Les Chinois, à qui l’on avait cependant promis le rapatriement
en fin de contrat, furent contraints de rester à Tahiti. Ils n’avaient pas
grand’chose qui leur appartînt. Ils se mirent au travail. Les Chinois sont
rarement paresseux. Bientôt, ils maîtrisaient le colportage, puis les
“restaurants chinois” se multiplièrent, enfin, ils dominèrent le commerce local
et le commerce d’importation.
J’ai connu le temps où la famille chinoise habitait dans son magasin, faute d’avoir une maison pour se loger et le temps de faire autre chose que s’occuper de son commerce. Le soir, après l’heure, quand il n’y avait plus de clientèle, les femmes repassaient dans la boutique les vêtements de leurs enfants pour qu’ils aillent à l’école le lendemain : Un enfant chinois, par définition, avait une chemise blanche impeccable et un short ou une jupe bleu-marine tout aussi impeccable. Pendant que les femmes lavaient ou repassaient, les enfants, sous la conduite du père, remplissaient les sachets du riz qui serait vendu au détail. La mère tenait les comptes et manipulait le boulier avec dextérité. Je crois bien qu’elle seule connaissait l’état des finances du commerce. Le père faisait la manutention. La nuit venue, tout le monde mangeait sur place puis arrangeait sa couchette dans le magasin.

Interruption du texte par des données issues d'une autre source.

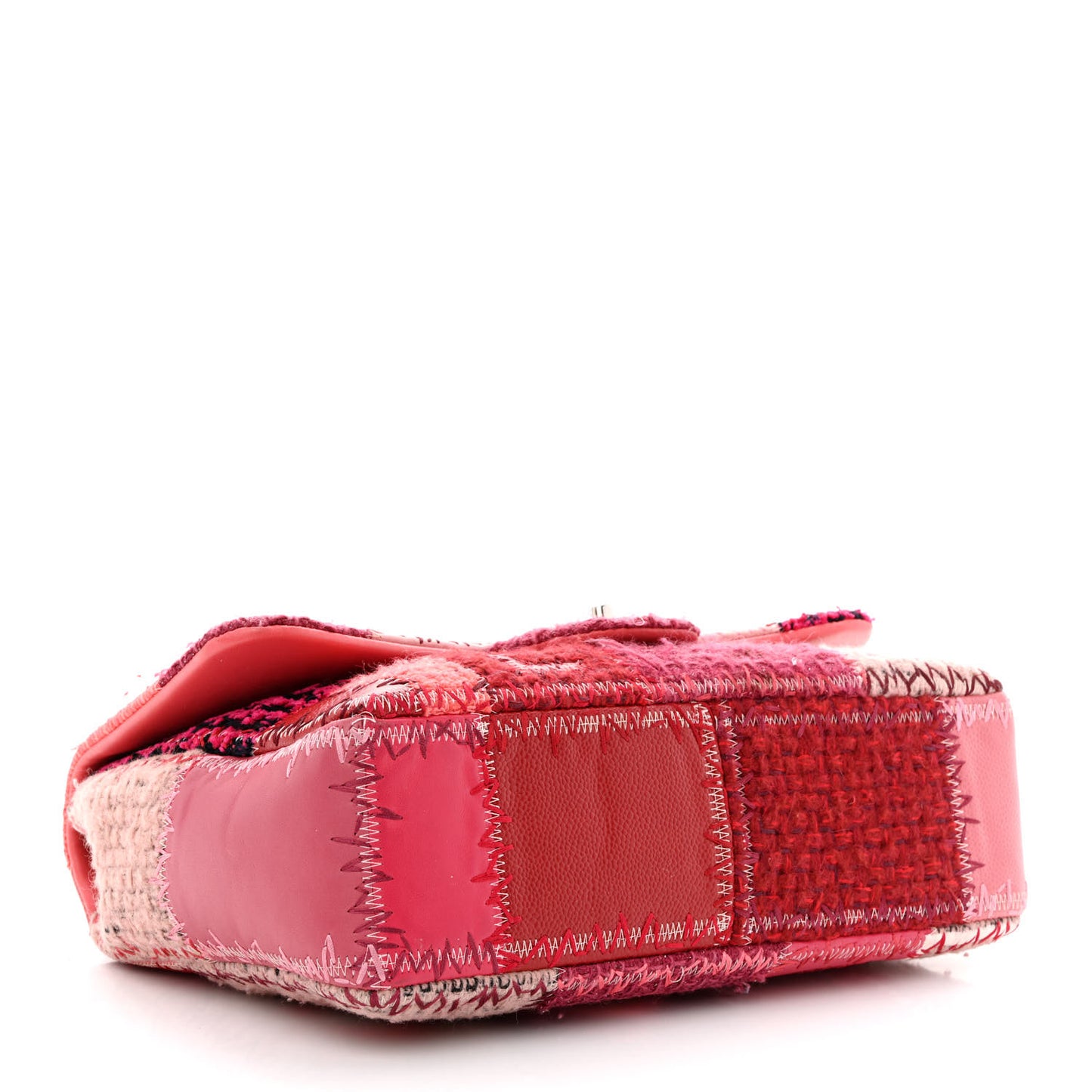 Tweed Patchwork Jumbo Single Flap Pink
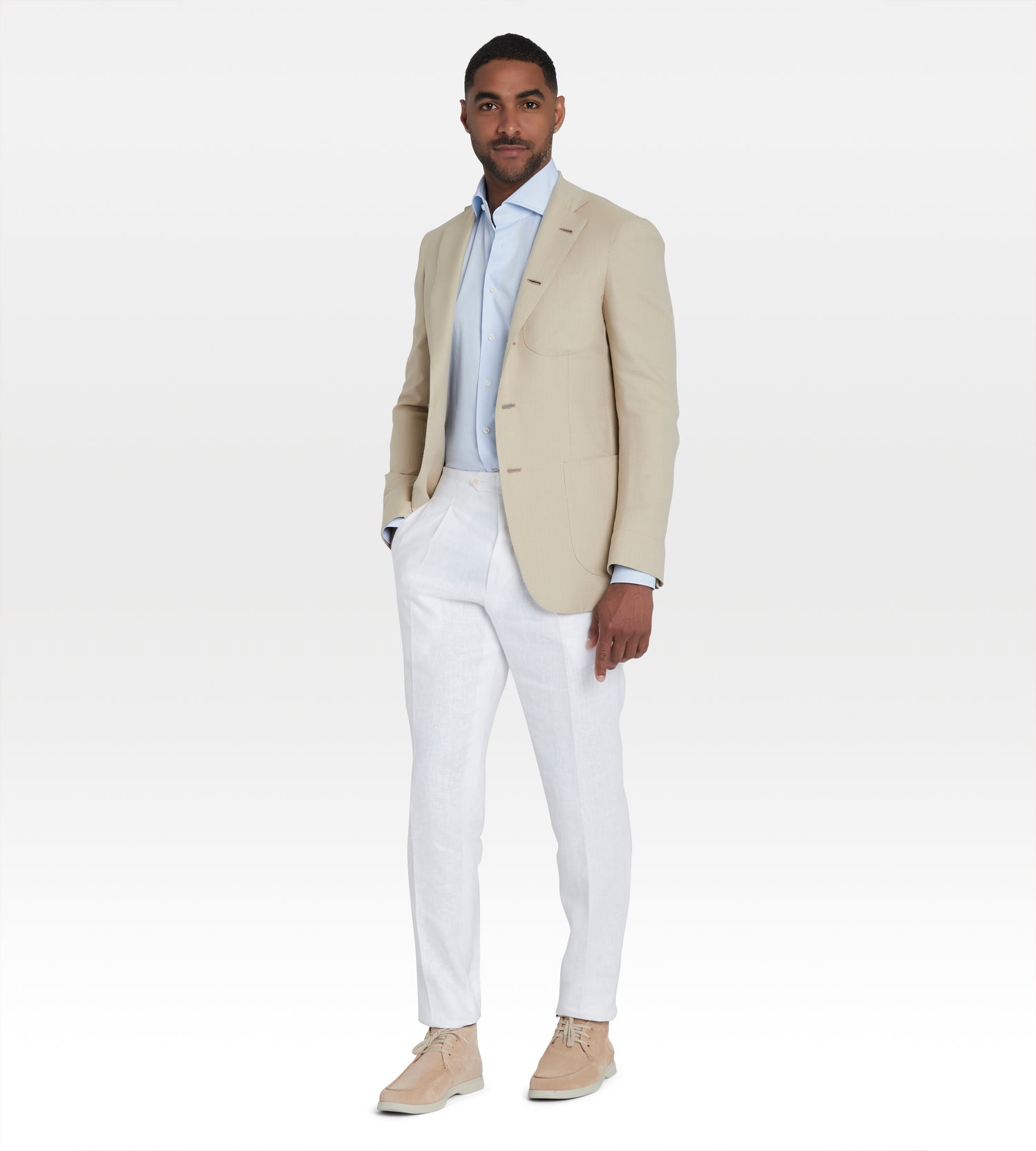 Veste Travel beige en coton à motif chevrons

Travail, rigueur, le sens du commerce, un don évident pour faire
fructifier son argent, la solidarité familiale, sont les clefs de la réussite
des Chinois en Polynésie. Celle-ci est passée par la main mise, sans trop de
résistance sur les monopoles de la vente du coprah, de la vanille puis,
pratiquement, sur toutes les importations. Plus tard ils se sont lancés dans la
perliculture.
Dans un famille chinoise de Tahiti, on fait faire des études aux
enfants. On en envoie un à l’université en Amérique, l’autre en France, et s’il
y en a un troisième, ou une troisième, on l’envoie en Australie ou en Nouvelle-Zélande.

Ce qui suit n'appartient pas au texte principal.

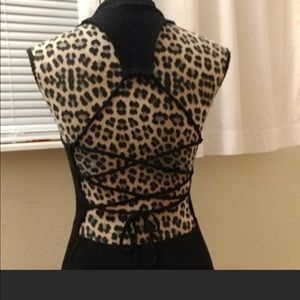 Body Suit Strappy Backless Cotton Small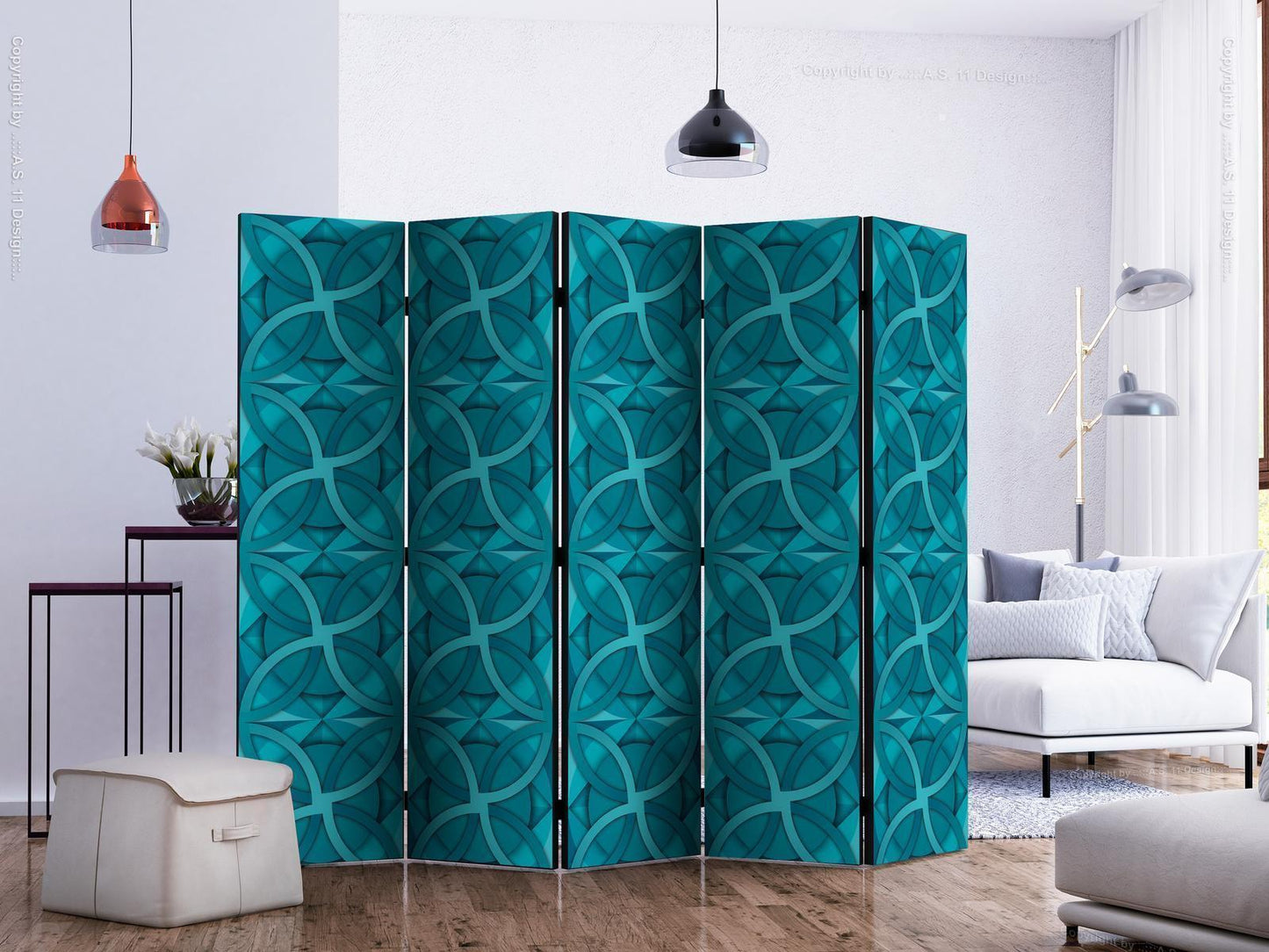Paravent - Geometric Turquoise II Artgeist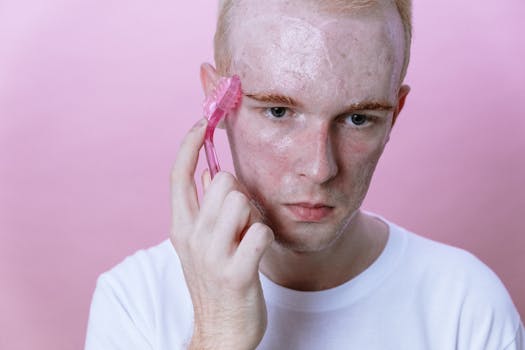 Young man using a pink facial roller on his face against a pink background.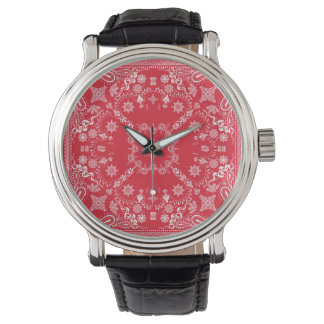 Men's Red Paisley Watch Armbanduhr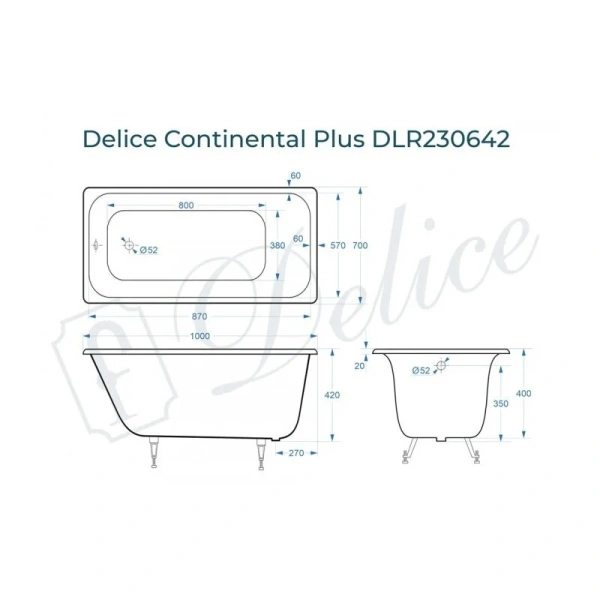 Ванна чугунная Delice Continental Plus 100х70 см белая - фото 2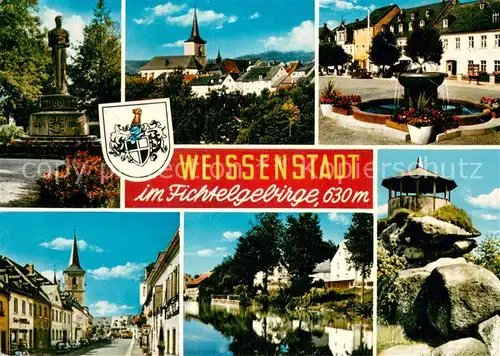 AK / Ansichtskarte Weissenstadt Denkmal Brunnen Ortspartie Grosser Waldstein Weissenstadt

Ces mêmes pays d’ailleurs sont ceux où l’on investit, souvent dans
l’immobilier. On commence , depuis quelque temps à infiltrer la classe
politique et le Pays est actuellement gouverné par Gaston Tong Sang, qui
appartient à la communauté chinoise et dont les parents tenaient une épicerie à
Bora-Bora. Rien à dire : Ils ont travaillé dur !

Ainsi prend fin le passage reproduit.